This week Education Next ran an article entitled "The First Hard Evidence on Virtual Education." It turns out that the only word in that title which comes close to being accurate is "first" (more about that shortly). What actually runs in the article is a remarkable stretch by anybody's standards.
The study is a 'working paper" by Guido Schwert of the University of Konstanz (it's German, and legit) and Matt Chingos of Brooking (motto "Just Because We're Economists, That Doesn't Mean We Can't Act Like Education Experts"). It looks at students in the Florida Virtual School, the largest cyber-school system in Florida (how it got to be that way, and whether or not it's good, is a question for another day because it has nothing to do with the matter at hand). What we're really interested in here is how far we can lower the bar for what deserves to be reported.
The researchers report two findings. The first is that when students can take on-line AP courses that aren't offered at their brick and mortal schools, some of them will do so. I know. Quelle suprise! But wait-- we can lower the bar further!
Second finding? The researchers checked out English and Algebra I test scores for the cyber-schoolers and determined that their tenth grade test results for those subjects were about the same as brick-and-mortar students. Author Martin West adds "or perhaps a bit better" but come on-- if you could say "better" you would have. This is just damning with faint praise-by-weasel-words.
West also characterizes this finding "as the first credible evidence on the effects of online courses on student achievement in K-12 schools" and you know what? It's not. First, you're talking about testing a thin slice of tenth graders. Second, and more hugely, the study did not look at student achievement. It looked at student standardized test scores in two subjects.
I know I've said this before. I'm going to keep saying this just as often as reformsters keep trying to peddle the false assertion used to launch a thousand reformy dinghies.
"Standardized test scores" are not the same thing as "student achievement."
"Standardized test scores" are not the same thing as "student achievement."

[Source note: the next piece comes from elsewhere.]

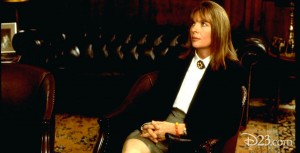 Photo of actress Diane Keaton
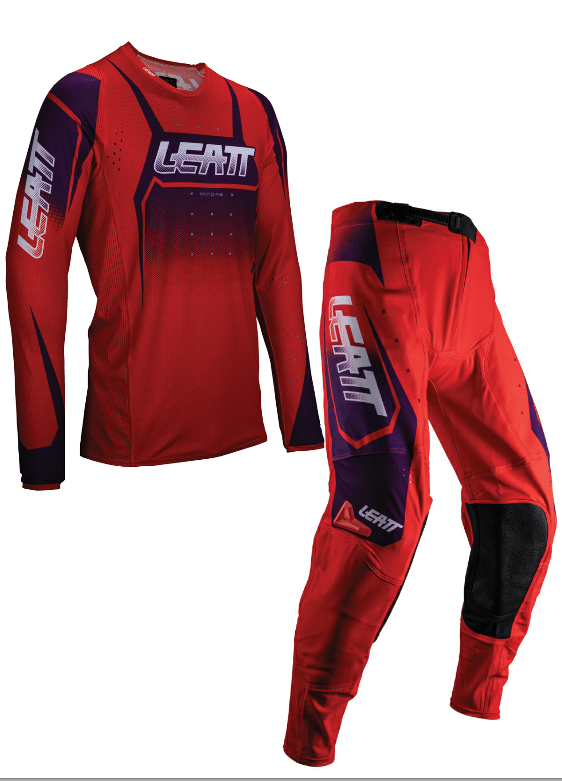 2025 leatt 4.5 lite motocross gear sunburn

When you write "the mugwump program clearly increases student achievement" when you mean "the mugwump program raised some test scores in year X," you are deliberately obscuring the truth. When you write "teachers should be judged by their ability to improve student achievement" when you mean "teachers should be judged by students' standardized test scores," you are saying something that is at best disingenuous, and perhaps a bit of a flat out lie.
But wait-- there's less. In fact, there's so much less that even West has to admit it, though he shares that only with diligent readers who stick around to the next-to-last paragraph.
The study is based on data from 2008-2009. Yes, I typed that correctly. West acknowledges that there may be a bit of an "early adopter syndrome" in play here, and that things might have changed a tad over the past five years, so that then conditions under which this perhaps a bit useless data was generated are completely unlike those currently in play. (Quick-- what operating system were you using in 2008? And what did your smartphone look like?)
Could we possibly reveal this research to be less useful? Why, yes-- yes, we could. In the last sentence of that penultimate graf, West admits "And, of course, the study is also not a randomized experiment, the gold standard in education research." By "gold standard," of course, we mean "valid in any meaningful way."
So there you have it. Education Next has rocked the world with an account of research on six-year-old data that, if it proves anything at all, proves that you can do passable test prep on a computer. And that is how we lower the bar all the way to the floor.
What a joy to read "brick and mortal" on a dreary afternoon in western upstate NY.